Specifies a user command to run when Pgpool-II check that trusted servers respond to ping. Any %h in the string is replaced by each host name specified trusted_servers. Default is ping -q -c3 %h.

This parameter can only be set at server start.

5.15.4. Virtual IP control

delegate_ip (string)

Specifies the virtual IP address (VIP) of Pgpool-II that is connected from client servers (application servers etc.). When a Pgpool-II is switched from standby to active, the Pgpool-II takes over this VIP. VIP will not be brought up in case the quorum does not exist. Default is ''(empty): which means virtual IP will never be brought up.

This parameter can only be set at server start.

if_cmd_path (string)

Specifies the path to the command that Pgpool-II will use to switch the virtual IP on the system. Set only the path of the directory containing the binary, such as "/sbin" or such directory. If if_up_cmd or if_down_cmd starts with "/", this parameter will be ignored.

This parameter can only be set at server start.

if_up_cmd (string)

Specifies the command to bring up the virtual IP. Set the command and parameters such as "ip addr add $_IP_$/24 dev eth0 label eth0:0". Since root privilege is required to execute this command, use setuid on ip command or allow Pgpool-II startup user (postgres user by default) to run sudo command without a password, and specify it such as "/usr/bin/sudo /sbin/ip addr add $_IP_$/24 dev eth0 label eth0:0". $_IP_$ will get replaced by the IP address specified in the delegate_ip.

This parameter can only be set at server start.

if_down_cmd (string)

Specifies the command to bring down the virtual IP. Set the command and parameters such as "ip addr del $_IP_$/24 dev eth0". Since root privilege is required to execute this command, use setuid on ip command or allow Pgpool-II startup user (postgres user by default) to run sudo command without a password, and specify it such as "/usr/bin/sudo /sbin/ip addr del $_IP_$/24 dev eth0". $_IP_$ will get replaced by the IP address specified in the delegate_ip.

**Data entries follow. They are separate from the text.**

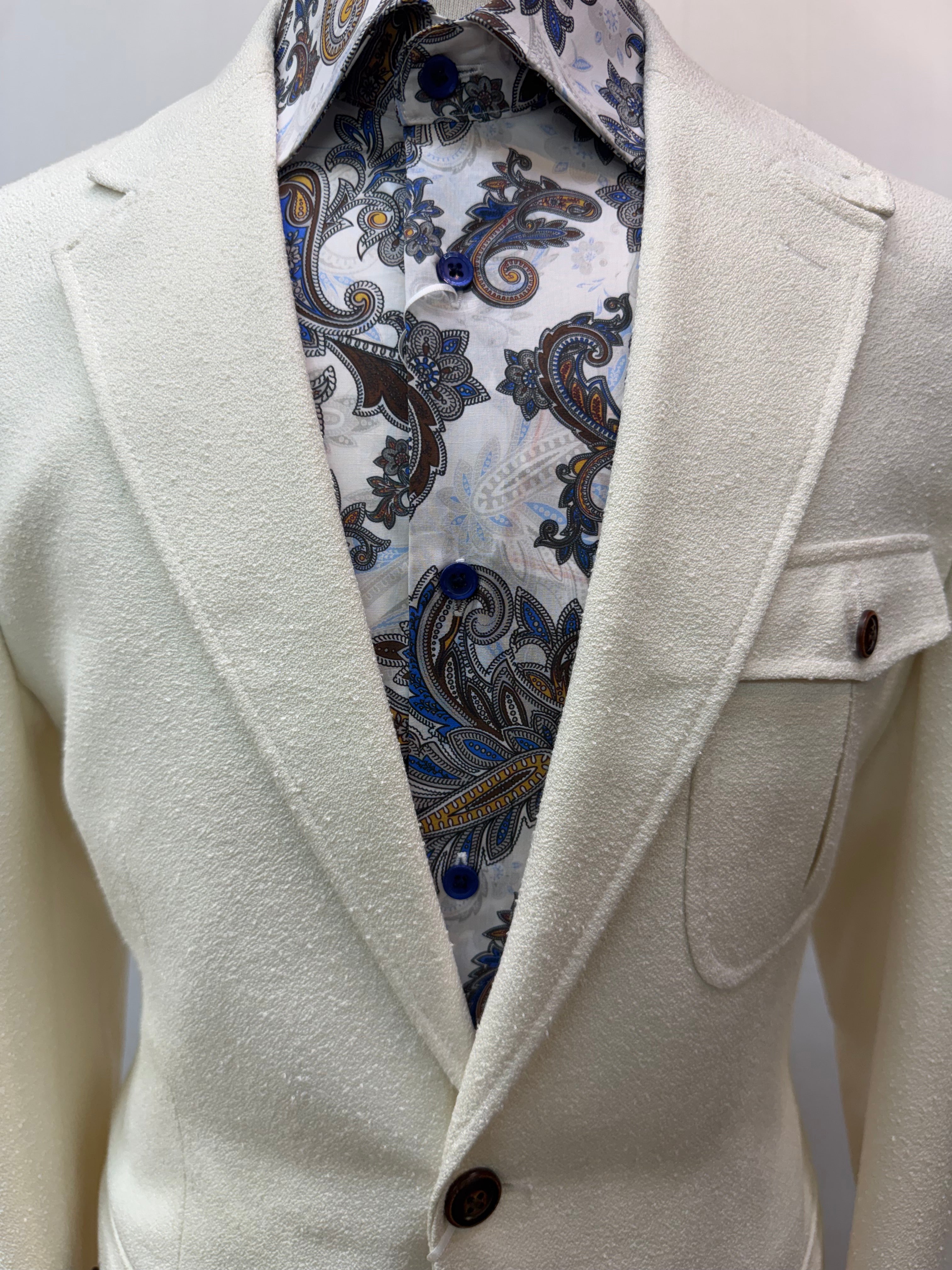 Couture Cream Coat w/Brown Linen Pants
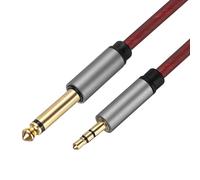 sourcing map Cable de audio TRS de 0.25 pulgadas TS a 0.12 pulgadas, cable de conexión estéreo mono de 2 pies de 6.35 mm a 3.5 mm, cable adaptador de interconexión de 4.5 mm de diámetro para laptop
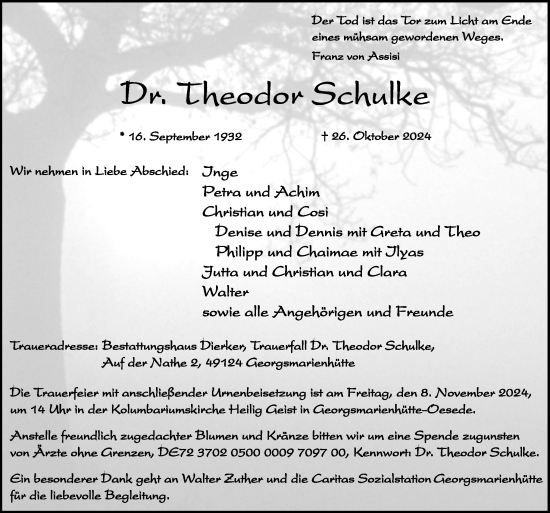 Traueranzeige von Theodor Schulke von Neue Osnabrücker Zeitung GmbH & Co. KG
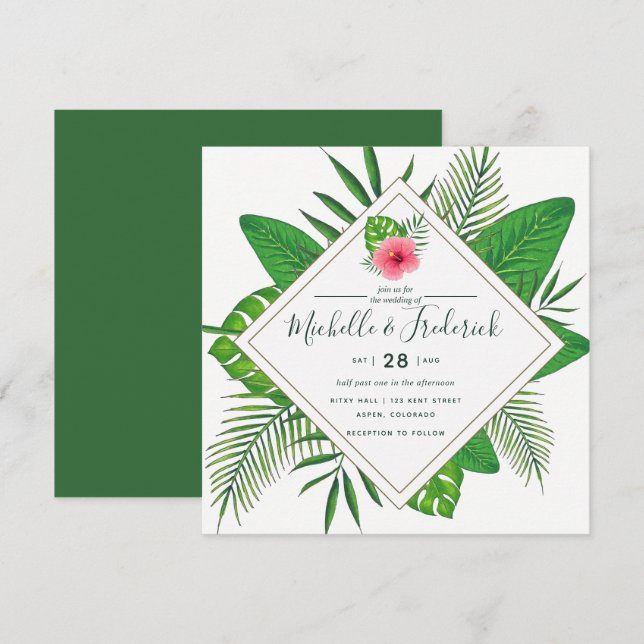 Convite de Casamento na Praia com Luau Aloha em Aq (Frente/Verso)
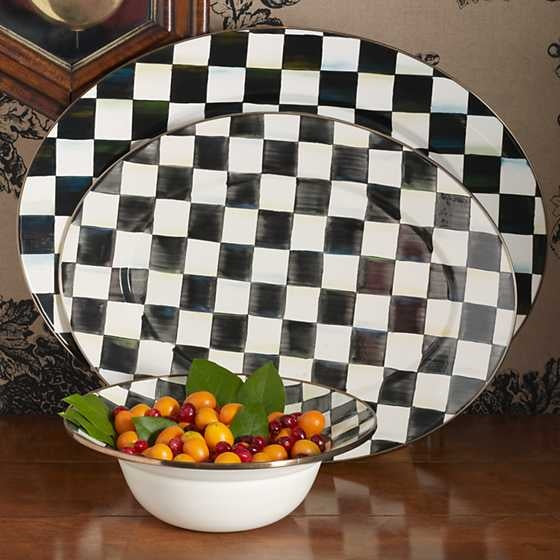 Courtly Check Enamel Oval Platter - Medium - Image 2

This parameter can only be set at server start.

arping_path (string)

Specifies the path to the command that Pgpool-II will use to send the ARP requests after the virtual IP switch. Set only the path of the directory containing the binary, such as "/usr/sbin" or such directory. If arping_cmd starts with "/", this parameter will be ignored.

This parameter can only be set at server start.

arping_cmd (string)

Specifies the command to use for sending the ARP requests after the virtual IP switch. Set the command and parameters such as "arping -U $_IP_$ -w 1 -I eth0". Since root privilege is required to execute this command, use setuid on ip command or allow Pgpool-II startup user (postgres user by default) to run sudo command without a password, and specify it such as "/usr/bin/sudo /usr/sbin/arping -U $_IP_$ -w 1 -I eth0". $_IP_$ will get replaced by the IP address specified in the delegate_ip.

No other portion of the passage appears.